**Exercise**
Can the lines below, from the one that holds "Washington Commanders Womens" to the very end, be echoed exactly, with both ends included and no pictures?

**Collected data**

[Start of section]

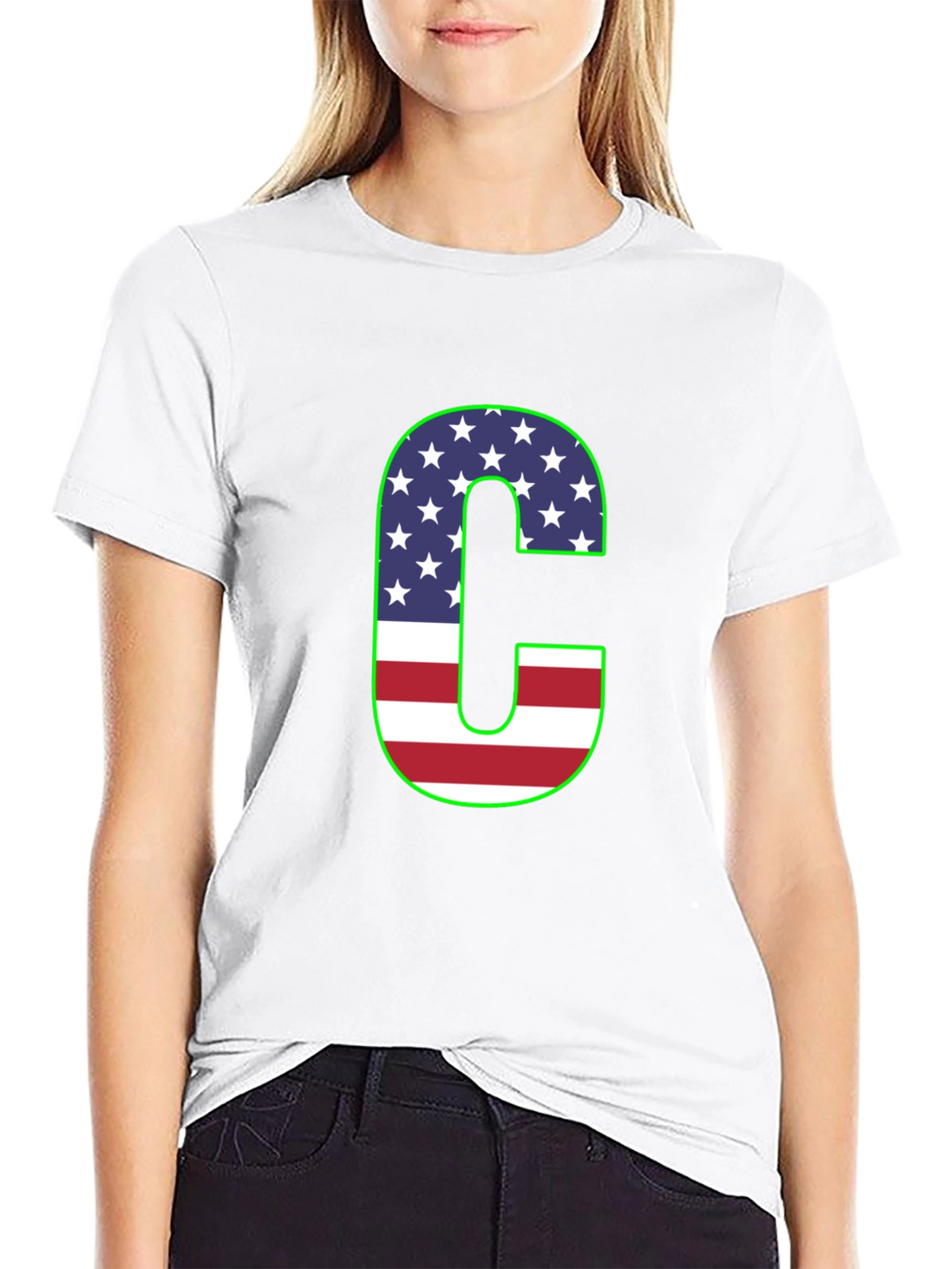 Letter C USA Flag T-Shirt - Patriotic Pride!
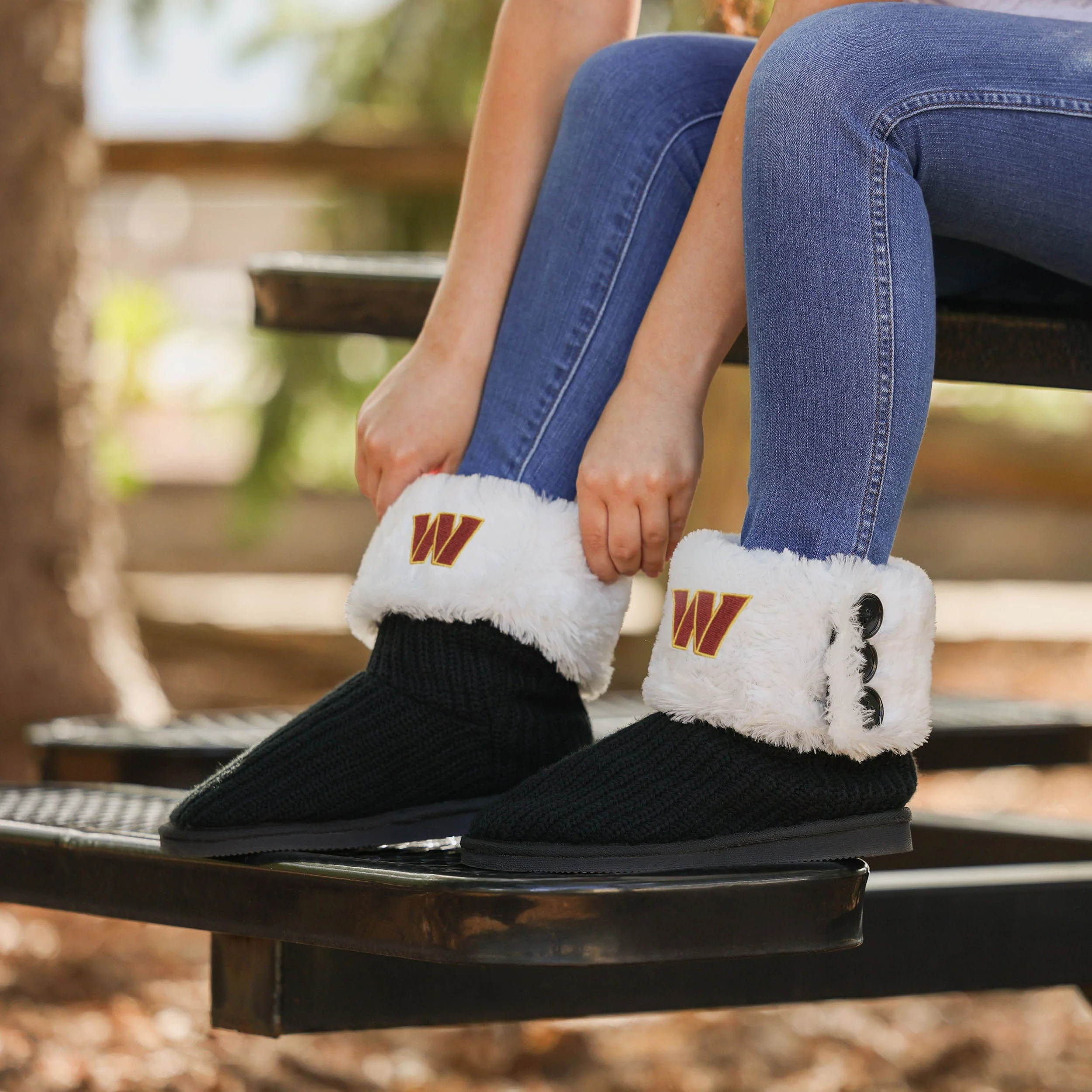 Washington Commanders Womens Knit High End Button Boot Slipper - Image 4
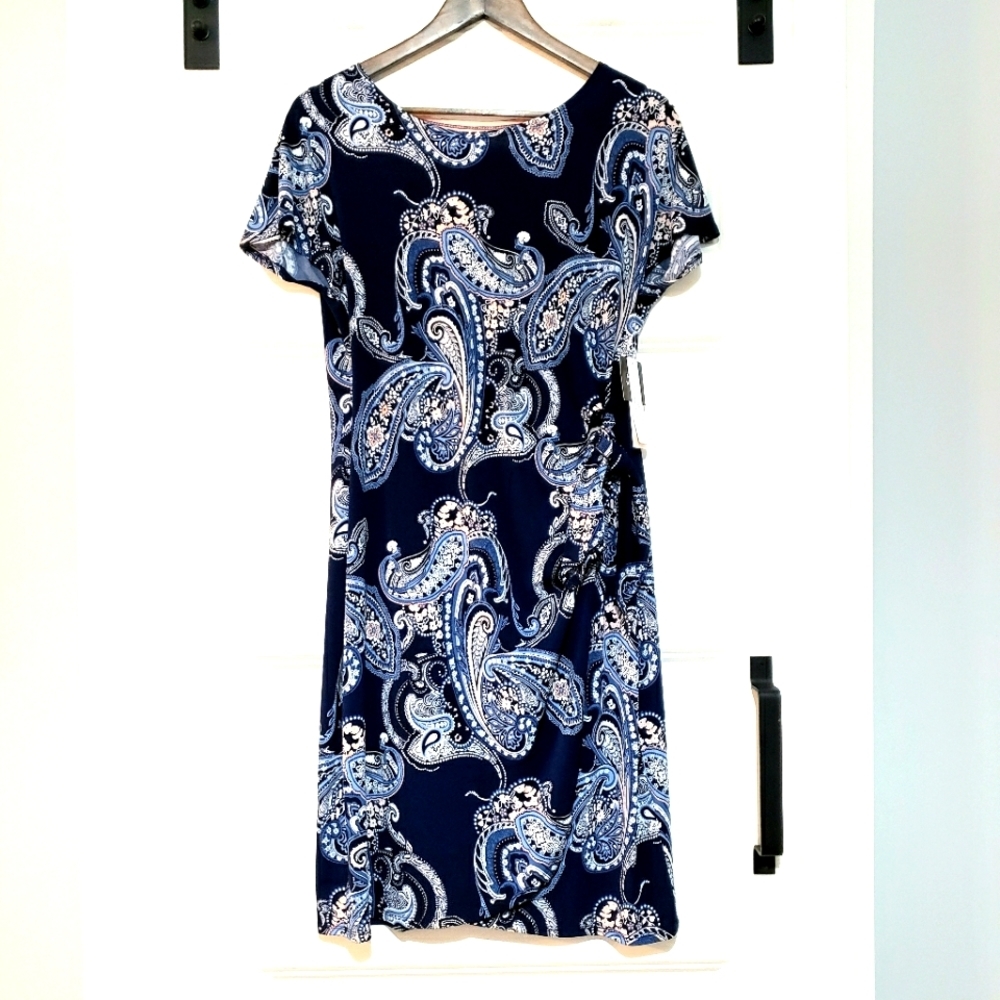 Signature By Robbie Bee Faux Wrap Dress Women S Navy Paisley Stretch Above Knee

[End of section]

**Answer**
 Washington Commanders Womens Knit High End Button Boot Slipper - Image 4
 Signature By Robbie Bee Faux Wrap Dress Women S Navy Paisley Stretch Above Knee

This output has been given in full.